With the continuing development of techniques for monitoring fluid flow using remote observations, there is an increasing need to model the associated deformation of the porous rock containing the fluid. Such modeling helps us understand displacements induced by fluid flow, as observed by geodetic methods and seismic time strains. Coupled modeling also provides insight into the deformation-induced flow associated with the passage of an elastic wave. Understanding this phenomena, and its relationship to the properties of a porous medium, are critical for effective time-lapse monitoring of fluid flow. Time-lapse monitoring provides a basis for the inverse problem: the determination of the properties of a porous medium using remote observations.

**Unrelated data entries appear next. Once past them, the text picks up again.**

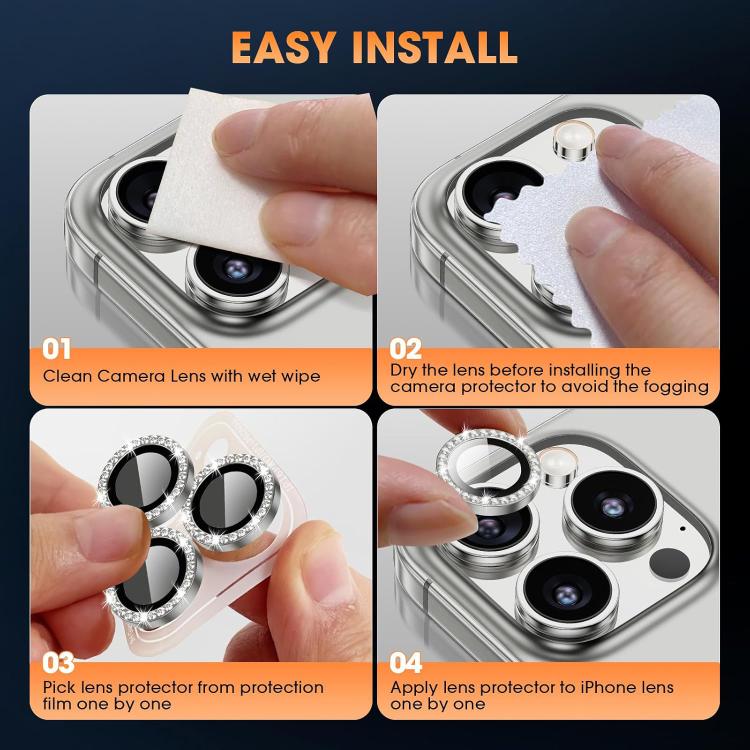 For iPhone 17 Pro Kalebol Individual Camera Lens Diamond Ring Protector(Black) - iPhone 17 Pro Tempered Glass by Kalebol | Online Shopping South Africa | PMC TechLife | Buy Now Pay Later Mobicred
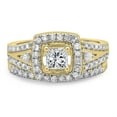 thumbnail image 3 of 0.95 Carat (ctw) 18K Yellow Gold Princess & Round White Diamond Ladies Bridal Halo Style Split Shank Engagement Ring Set, 3 of 4
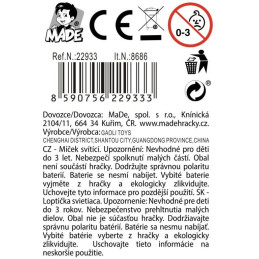 Míček svítící, s bateriemi, 16 cm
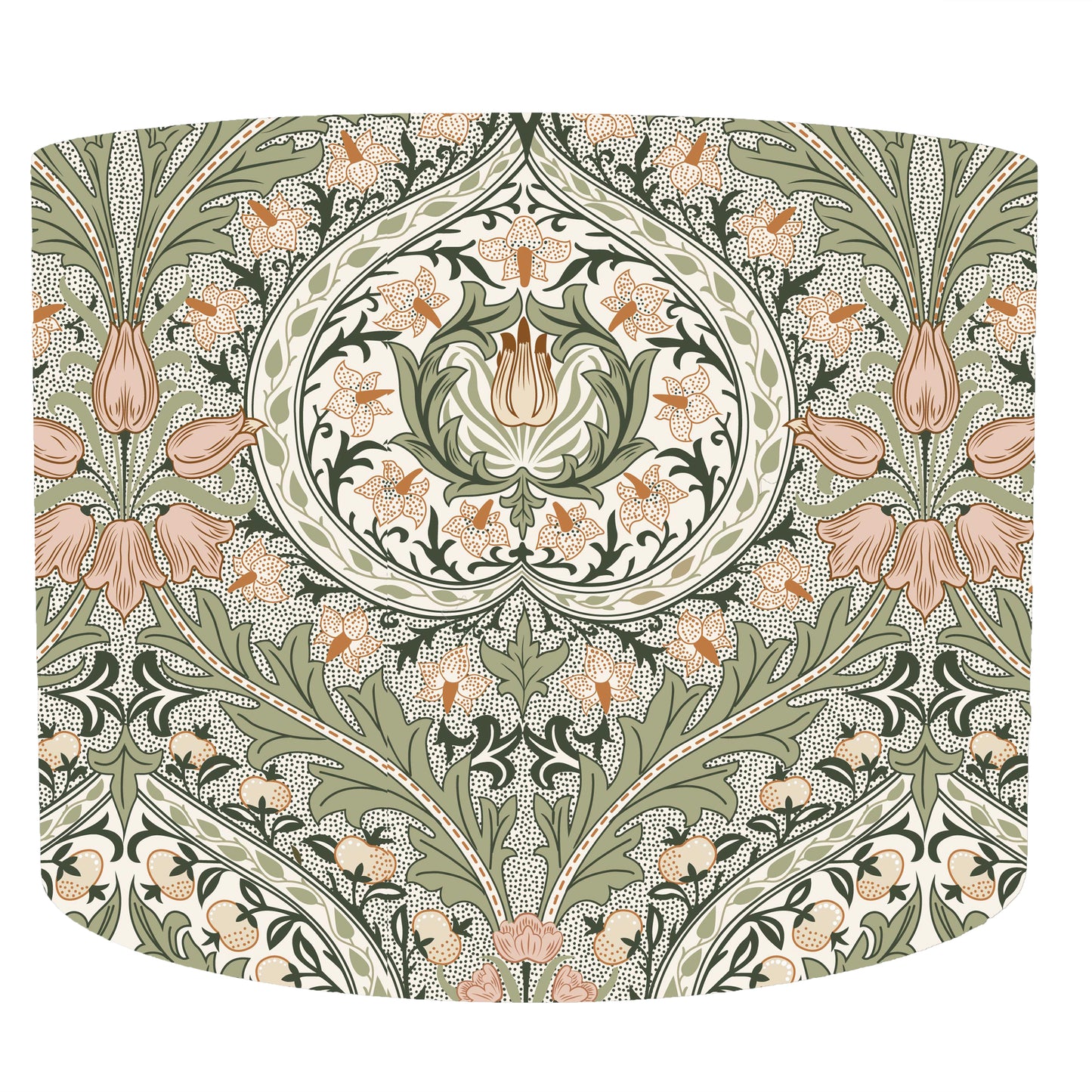 William Morris Green Eden Lampshade, Front View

In this chapter we develop solutions for coupled deformation and fluid flow. While one goal is the resulting efficiency associated with trajectory-based solutions for both forward and inverse modeling, the insight provided by the semi-analytic solutions is equally important to our understanding. The end result of our efforts will be similar to what we found in earlier chapters: an equation for the phase and for the trajectories. The primary difference will be the appearance of multiple phase velocities, revealing the existance of elastic-like fast waves, and slow diffusion-like modes of propagation.

In this chapter we consider two important situations in which the governing equations simplify. First, when a single fluid is present in a poroelastic medium, the non-linearity due to saturation-dependent properties disappears and the resulting equations are linear for small strain rates. Second, for the small but rapid displacements associated with the passage of an elastic wave through a poroelastic medium, we can linearize the equations about the existing saturation distribution.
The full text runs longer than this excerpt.